Narrow angle images just graze the western edge of it but don't reveal its nature. The new Chinese map shows quite a bit more detail, again maybe half the pixel size or a bit better. The smudge looks to me like a very shallow hill, a bit of the adjacent highlands almost submerged beneath the dark lava of Mare Imbrium. Probably not a hollow this time! Too bad. Incidentally, the left side of the LROC mosaic shows one problem with the current version of Quickmap. The narrow angle image strips don't match very well. Some craters show up twice, others must be missed altogether, as the images don't overlap properly. If you want to see the original images, or all the overlapping images, just select the search tool, the magnifying glass at upper right. Click where you want on the map, or drag out a box, and all images at that location will appear in a list, with clickable links to fully zoomable versions of those images in a new window. Click back on the map navigation icon to escape that search function. You can do the same on the Mercury Quickmap, but you only get a link to a raw data download which needs a bit of extra skill to use.

The third comparison is a pair of images in Sinus Iridum at 43.0 N, 31.0 W.

A crater about 3 kilometers across dominates the scene, but look first at the smaller craters on the plains outside it. They are clearer in the Chinese map than the NASA map, showing a resolution improvement by about a factor of two.
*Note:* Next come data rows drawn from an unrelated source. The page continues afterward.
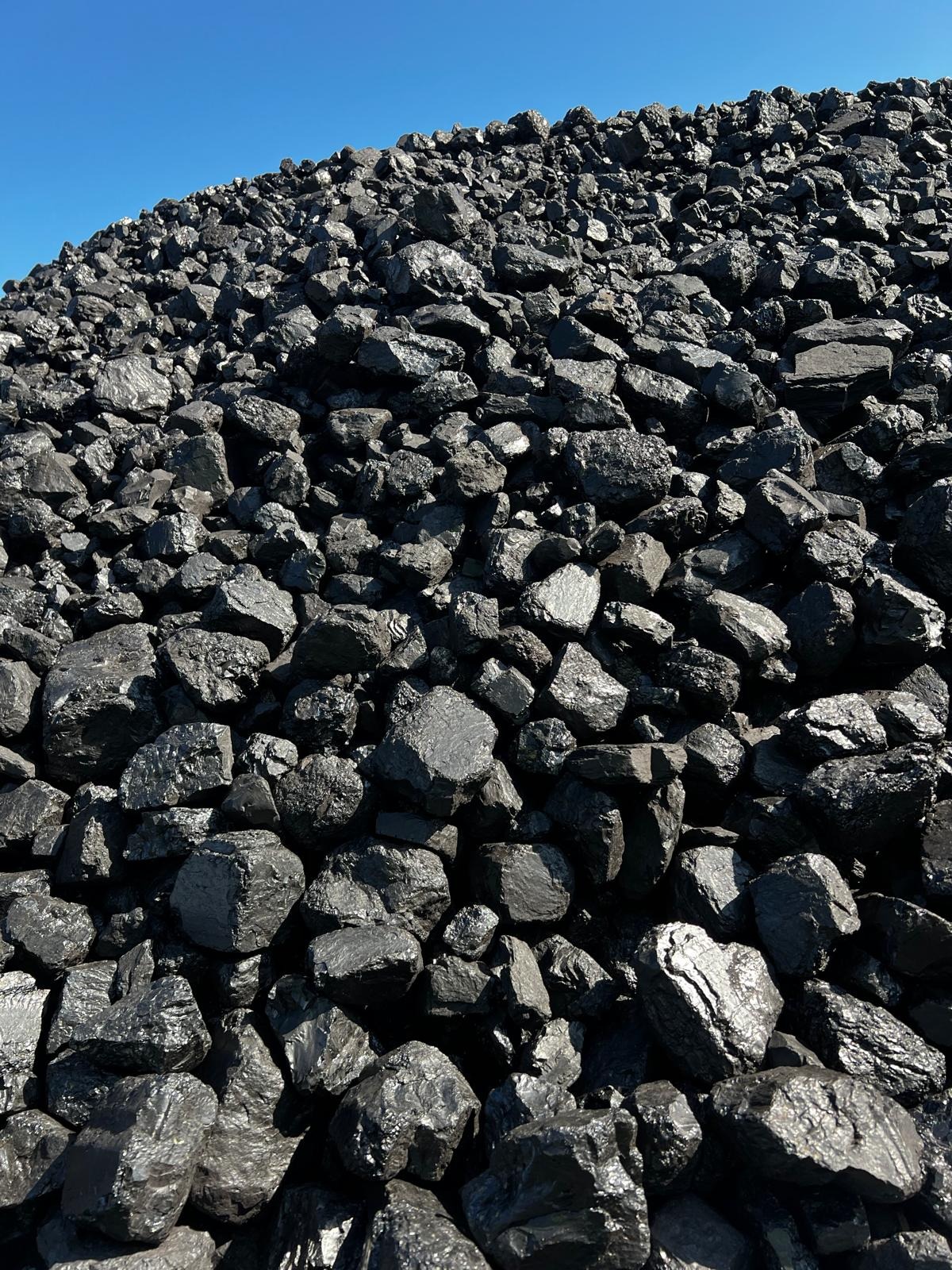 Stos czarnego węgla kamiennego pod błękitnym niebem, oświetlony z góry, z widocznymi błyszczącymi powierzchniami poszczególnych brył.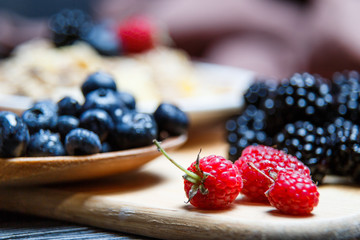 Berries mix blueberry, raspberry on rustic wooden table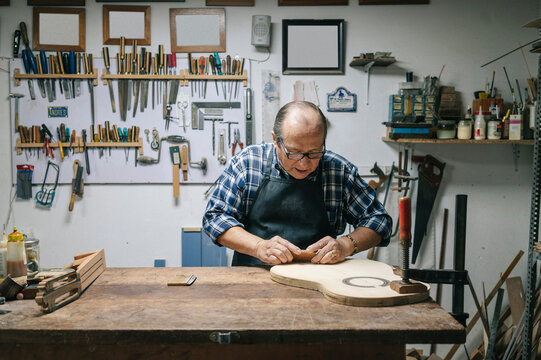 Luthier crafting classical guitar in his workshop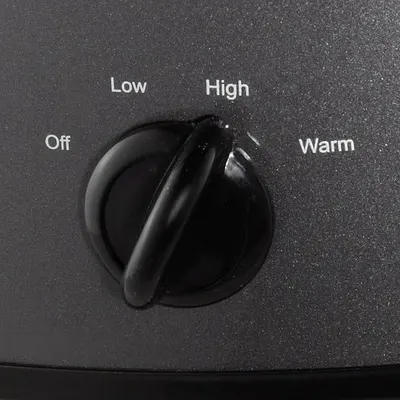 Shows the product's control interface with labeled settings (Off, Low, High, Warm) to help shoppers understand how to operate the appliance and what temperature/heat options are available.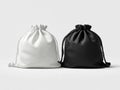 Two plain drawstring bags made of soft material standing side by side in contrasting black and white colors on a simple white Royalty Free Stock Photo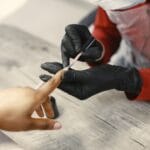 Stylistka nakłada lakier na paznokcie klientki w salonie manicure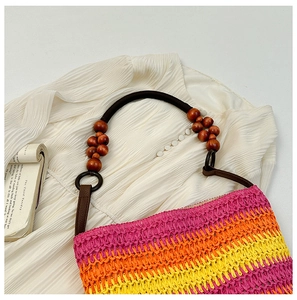 Detail of colorful rainbow straw woven bag with wooden bead handles on a white outfit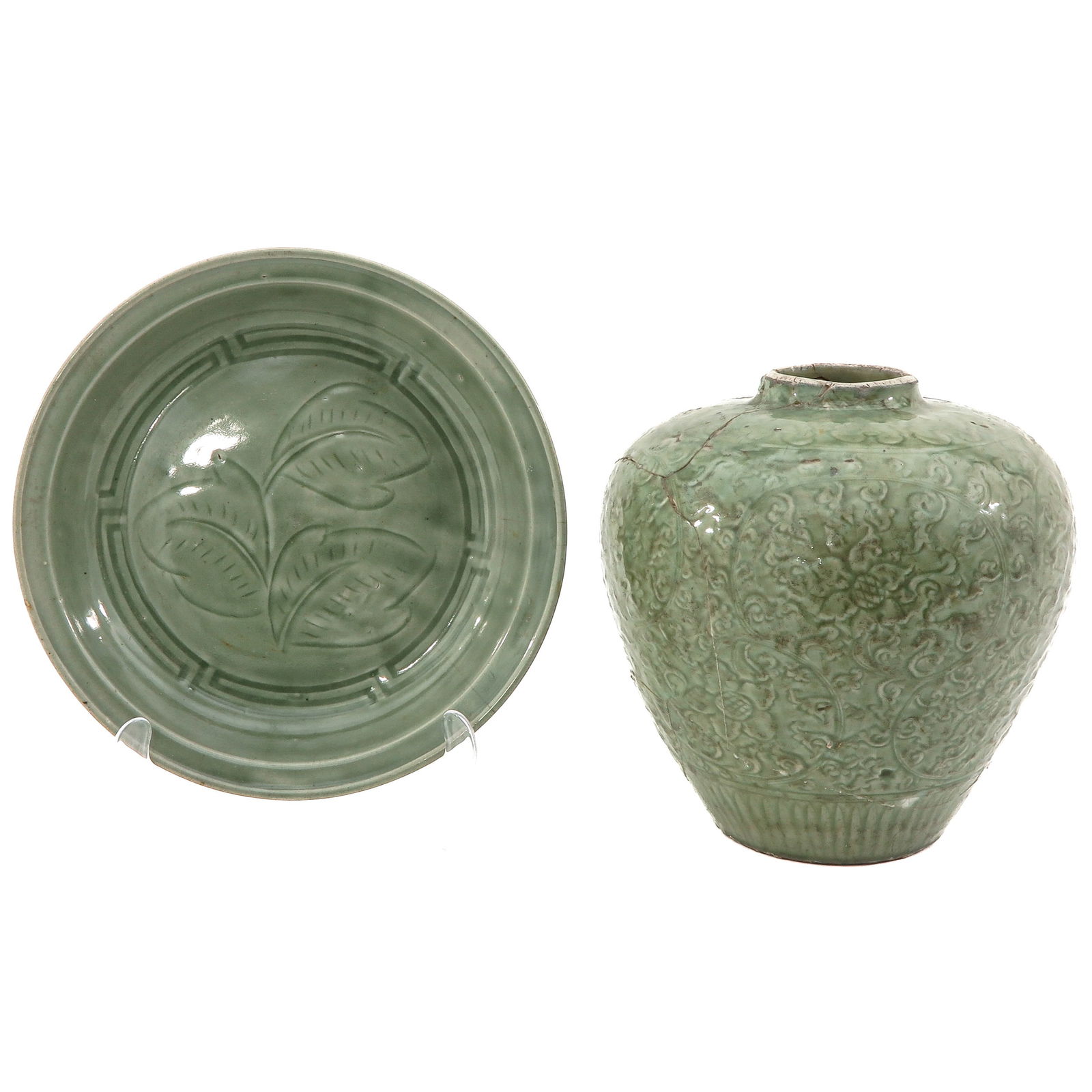 A Celadon Charger and Jar: Charger is 36 cm. in diameter, vase is 30 cm. tall, in diverse conditions.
But the big crater looks different as well, because of a different lighting angle. The higher sun in the Chang'e 2 images allows the entire crater interior to be seen, whereas part of it is hidden by shadow in the LROC mosaic. This comparison is a bit misleading, because LROC WAC images are available at multiple lighting angles. It would be possible to make a WAC global mosaic with high sun images, or morning or evening images, in addition to the current version, which is a combination of images at many sun angles. But for what we have now, there are differences in lighting between the two maps. The Chinese mosaic will be less obscured by shadows near the poles than the NASA mosaic.

What should we take from these comparisons? Both online lunar maps are good in their own ways, and anyone interested in this kind of virtual exploration of the lunar surface would probably want to use both of them. There are also some examples of higher-resolution Chang'e 2 images here and here. At the second link, the thumbnails don't link to larger images as you might expect, but if you right-click on them and save the images they save at a much larger size. It would be really nice to see some of the higher-resolution coverage incorporated into the new Chinese map eventually, but even without that it's more than just a duplicate of the LROC map. Go explore the Moon and see what you can find.